The past 24 hours at my school have been all about homeless awareness. There were speakers, a lunch, a documentary, and musical acts. A few of us camped outside the student union for the night. To quote the friend I shared a tent with, it quickly became a contest to “out-humble each other.” If we had donut snacks, someone refused to eat until morning. If three of us squeezed into a tiny tent, someone slept on a bench. I think these guys missed the point, though. It was never about simulating homelessness. That would require gang violence, hostile cops, and exposure. It’s even a bit insulting to claim that what we did mimicked homelessness.
What we did was show solidarity. We tried to say, “Someone notices. Someone wants to help. Someone cares.” It didn’t change anything – not really. It only lasted a night. It could be argued us middle-class college kids did it to assuage our own guilt.
I don’t think so, though.
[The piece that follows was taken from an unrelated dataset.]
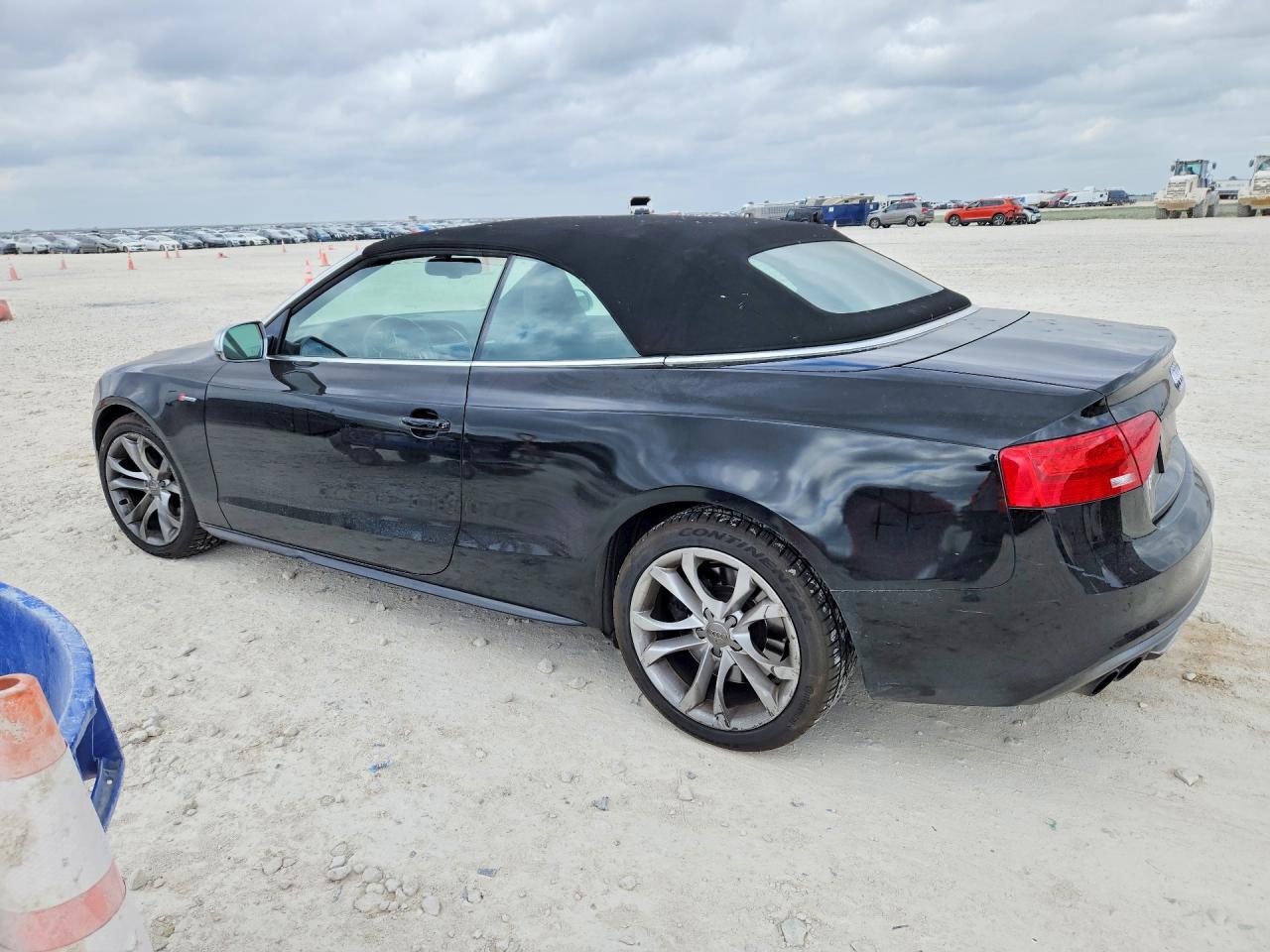 2013 Audi S5 Prestige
Because for a few hours last night, a bunch of hipsters and geeks and activist wannabes gave a night to sitting in the cold and thinking about somebody else. It was a holy thing. We each made a decision, conscious or unconscious, that the least we could do was consider our neighbor. The homeless have been made invisible in this country, but worse, they’ve been made into subhumans. We climbed into our tents to show that it can be anyone; oily hair and dingy clothes do not take away the soul.
The homeless are not very different from us. Some are good people, some aren’t. They’re young, old, thin, fat, and every color. We can run them out of the parks and cut social services out of the budget, but that doesn’t make them disappear. They don’t need us to sleep on benches or go hungry for a night. They need their brothers and sisters to see them. So we put up tents where they had to be seen.
It may have been the best I’ve done in college.
Although your college probably has rules against it how about approaching this from outside the box. Next time propose that each of you take a homeless person (or family, if you have the room) spend the week with you in your dorm room. Do it this way in the middle of the winter and maybe save a life in the process.
Grace and peace.
That’s a fantastic idea! Unfortunately, my college doesn’t even let other students stay in a dorm room for 48 hours. Maybe the college could temporarily convert the building we’re about to tear down into a shelter, though. It’s in perfectly good condition.